Louis Mountbatten is Killed by an IRA Bomb While Vacationing

The IRA claim responsibility for the execution of Lord Louis Mountbatten. This operation is one of the discriminate ways we can bring to the attention of the English people the continuing occupation of our country.”

— The IRA

Mountbatten usually holidayed at his summer home in Mullaghmore, County Sligo, a small seaside village between Bundoran, County Donegal and Sligo, County Sligo on the northwest coast of Ireland. Bundoran was a popular holiday destination for volunteers of the IRA, many of whom were aware of Mountbatten's presence and movements in Mullaghmore. Despite security advice and warnings from the Garda Síochána, on 27 August 1979, Mountbatten went lobster potting in a thirty-foot (10 m) wooden boat, the Shadow V, which had been moored in the harbour at Mullaghmore. An IRA member named Thomas McMahon had slipped onto the unguarded boat that night and attached a radio-controlled fifty-pound (23 kg) bomb. When Mountbatten was on the boat en route to Donegal Bay, McMahon detonated the bomb from shore. Mountbatten was seriously wounded and died soon after the blast by drowning while unconscious in the bay. Others killed in the blast were Nicholas Knatchbull, his elder daughter's 14-year-old son; Paul Maxwell, a 15-year-old youth from County Fermanagh who was working as a crew member; and Baroness Brabourne, his elder daughter's 83-year-old mother-in-law who was seriously injured in the explosion, and died from her injuries the following day. Nicholas Knatchbull's mother and father, along with his twin brother Timothy, survived the explosion but were seriously injured.

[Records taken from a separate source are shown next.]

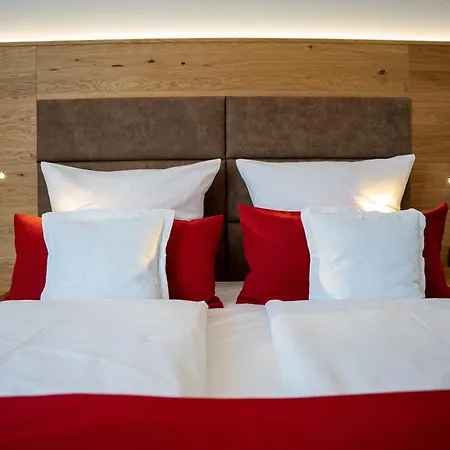 Park Hotel Laim-3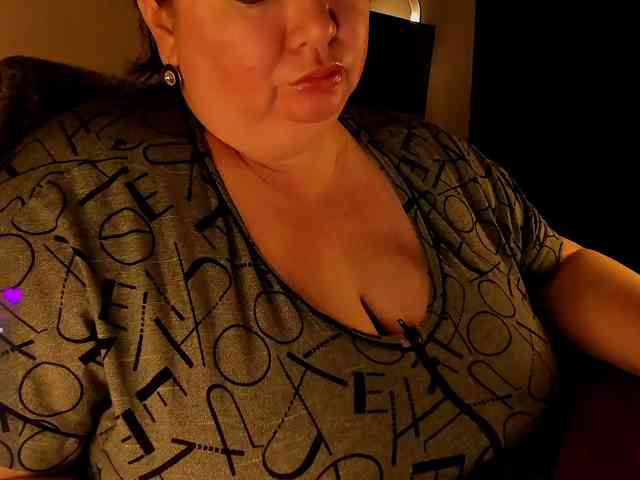 ZarraX Live Webcam on BongaCams ZarraX Live Webcam on BongaCams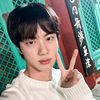 rkive94_n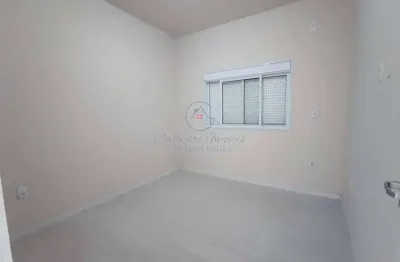 Casa com 3 quartos e 1 suíte, campestre - imbituba / sc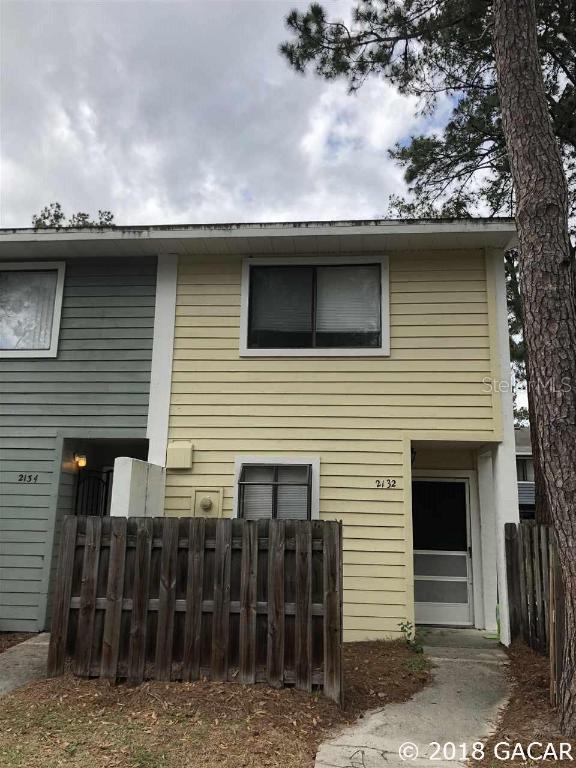 2132 SW 39th Dr., Gainesville, FL 32607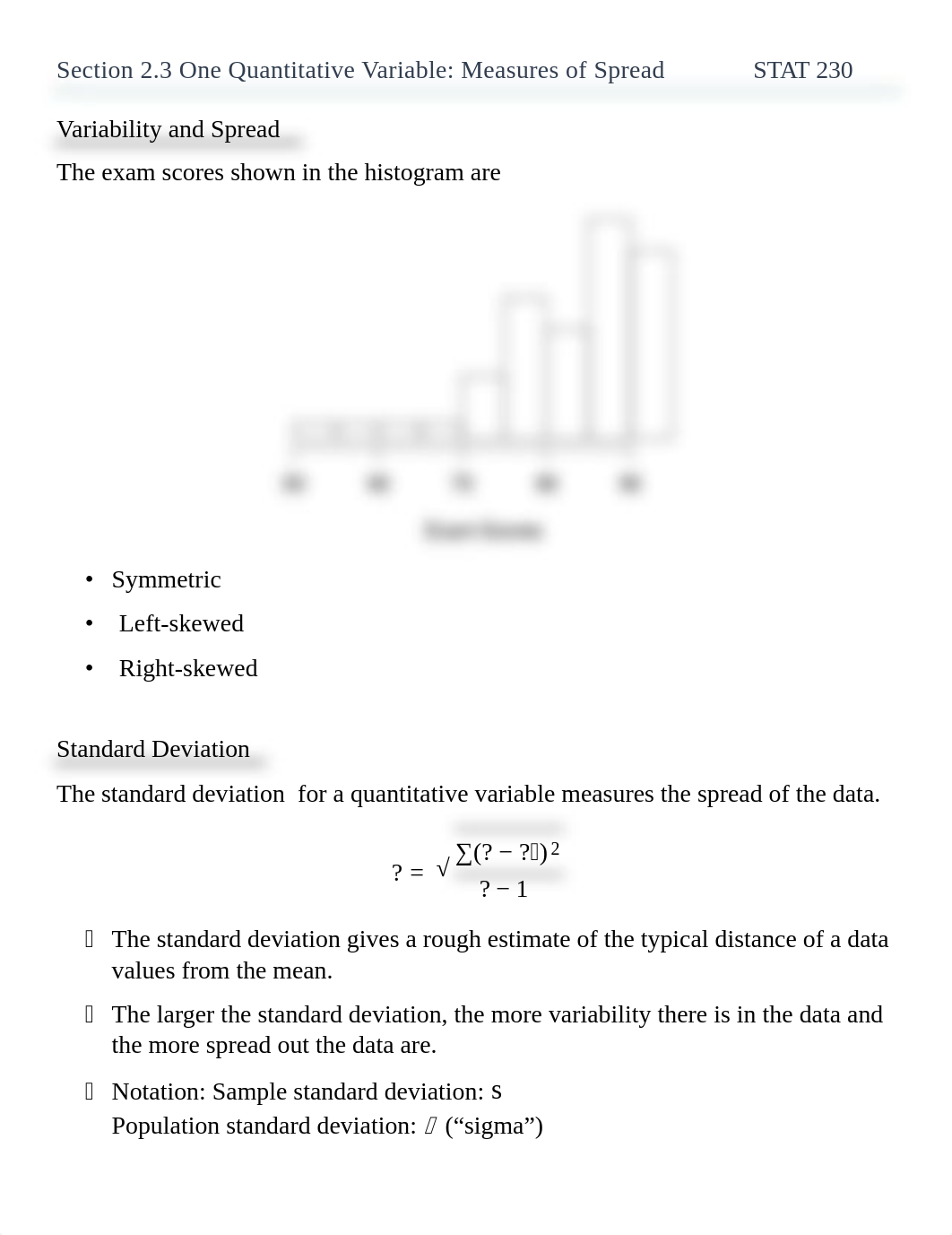 Section 2.3 Notes.pdf_du9qozygxww_page1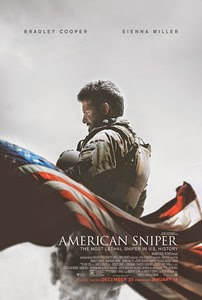 311494id1_AmericanSniper_Final_Rated_27x40_1Sheet.indd
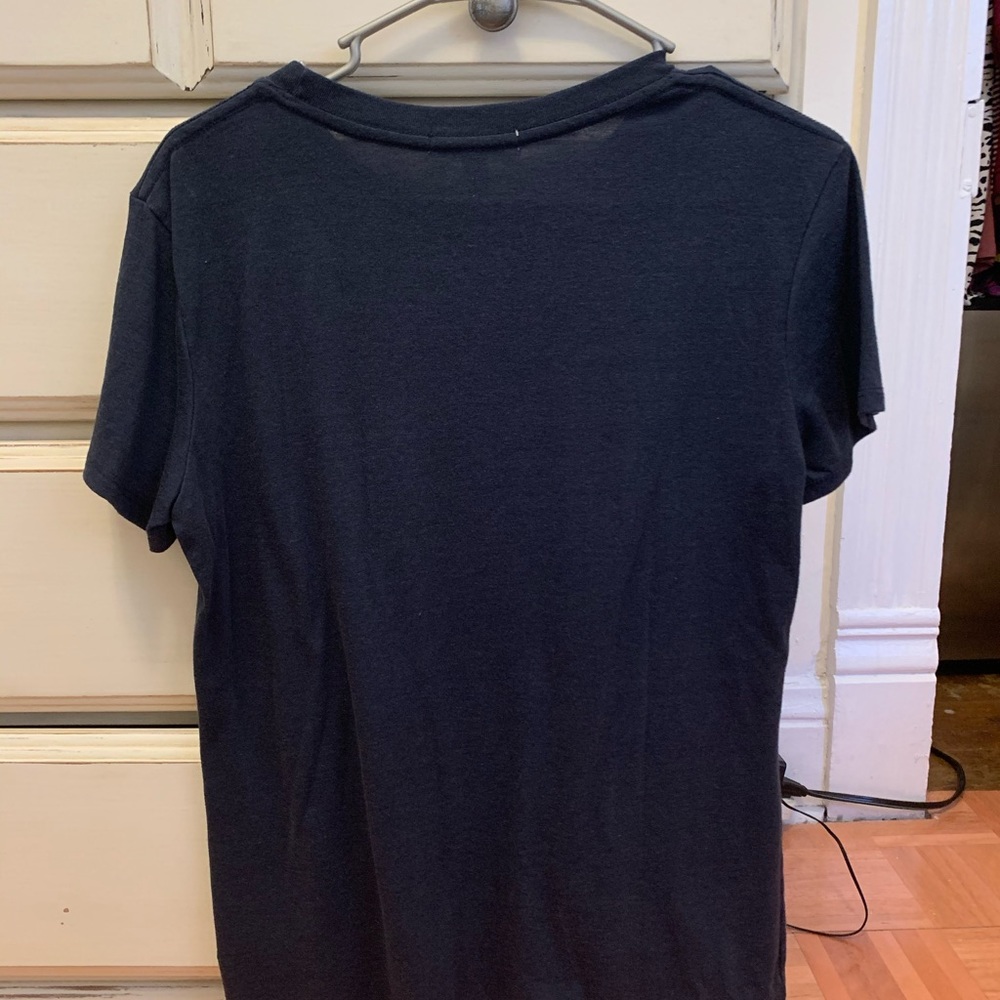 Suburban Riot Tee - Picture 2 of 2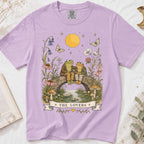 The Lovers Frog T-Shirt
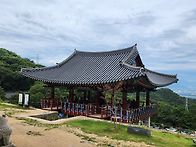 법보회 선명상 강좌!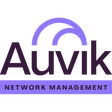 Icon of program: Auvik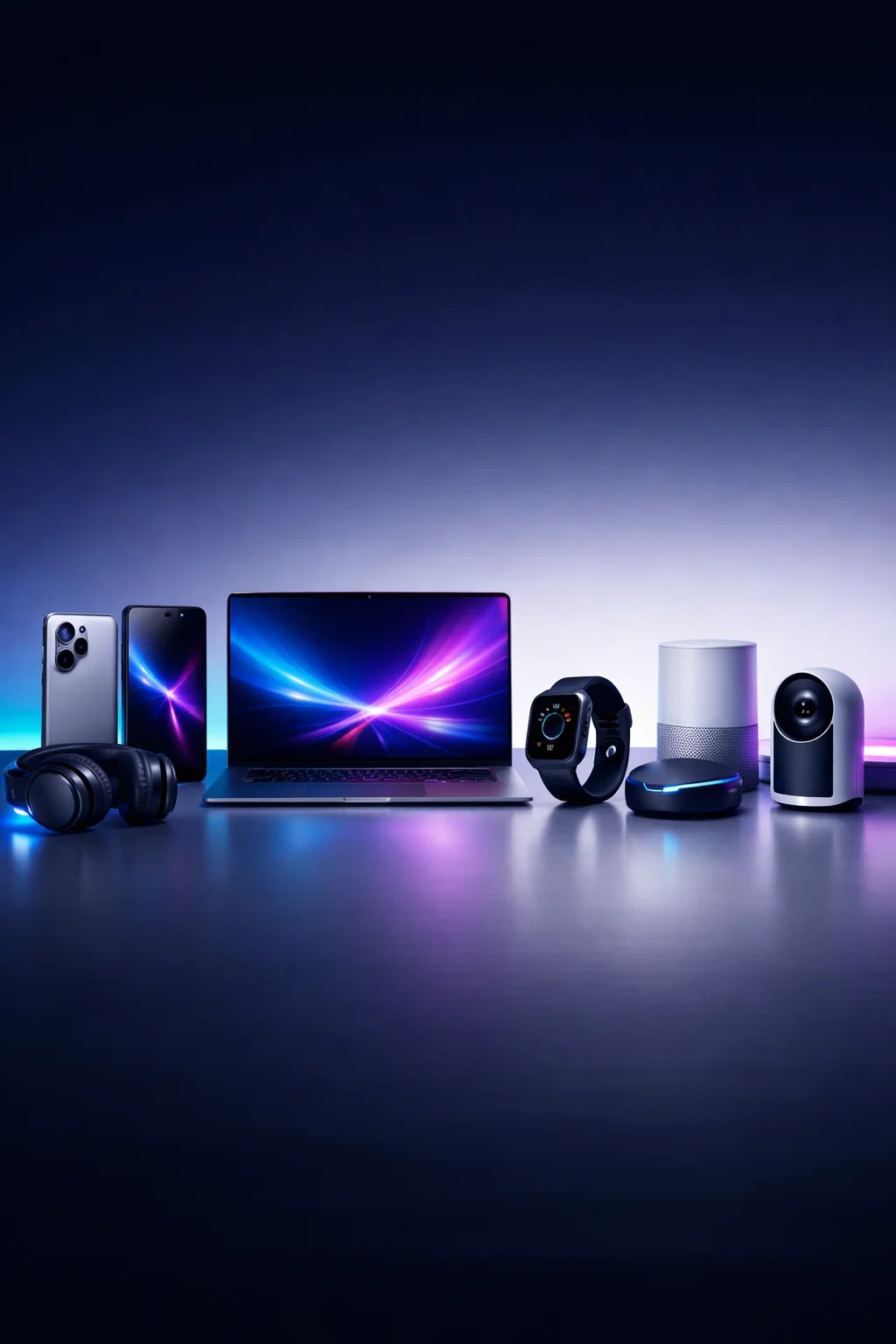Smart Home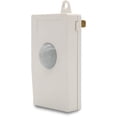 thumbnail image 4 of HomeSeer HSM200 Z-Wave Motion, Temperature and Light Sensor with RGB LED Indicator, 4 of 5
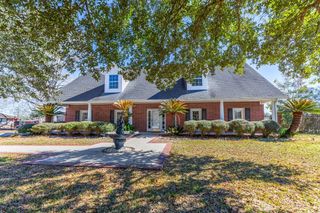 17830 Nonie Lane, Lumberton, TX 77657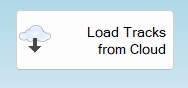 Track Loader Load Tracks from Cloud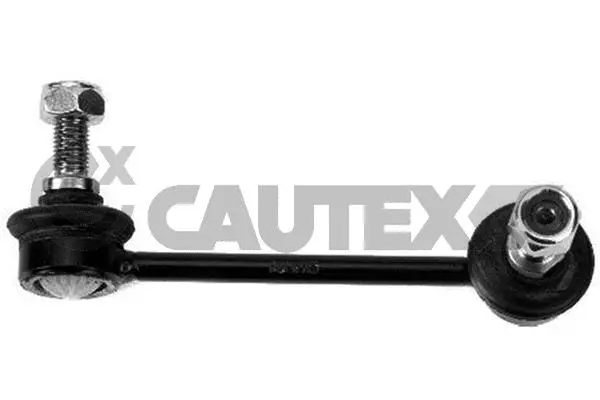 Link/Coupling Rod, stabiliser bar (770932)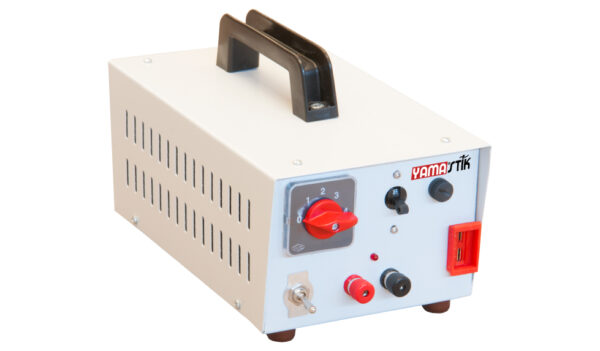 TROFODOTIKO MONO LEYKO 600x351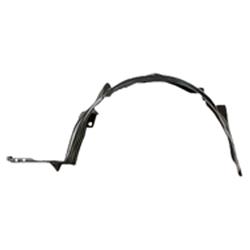 Body Parts Inner Fenders for 1998-2002 ACCORD - HO1248106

On the same day Mountbatten was assassinated, the IRA also ambushed and killed eighteen British Army soldiers, sixteen of them from the Parachute Regiment at Warrenpoint, County Down in what became known as the Warrenpoint ambush. After this action, graffiti proclaiming "Bloody Sunday's Not Forgotten, We Got Eighteen And Mountbatten" was seen in some Republican areas in Ireland.

Prince Charles took Mountbatten's death particularly hard, remarking to friends that things were never the same after losing his mentor. It has recently been revealed that Mountbatten had been favourable towards the eventual reunification of Ireland.

The IRA gave clear reasons for the execution. I think it is unfortunate that anyone has to be killed, but the furor created by Mountbatten's death showed up the hypocritical attitude of the media establishment. As a member of the House of Lords, Mountbatten was an emotional figure in both British and Irish politics. What the IRA did to him is what Mountbatten had been doing all his life to other people; and with his war record I don't think he could have objected to dying in what was clearly a war situation. He knew the danger involved in coming to this country. In my opinion, the IRA achieved its objective: people started paying attention to what was happening in Ireland.”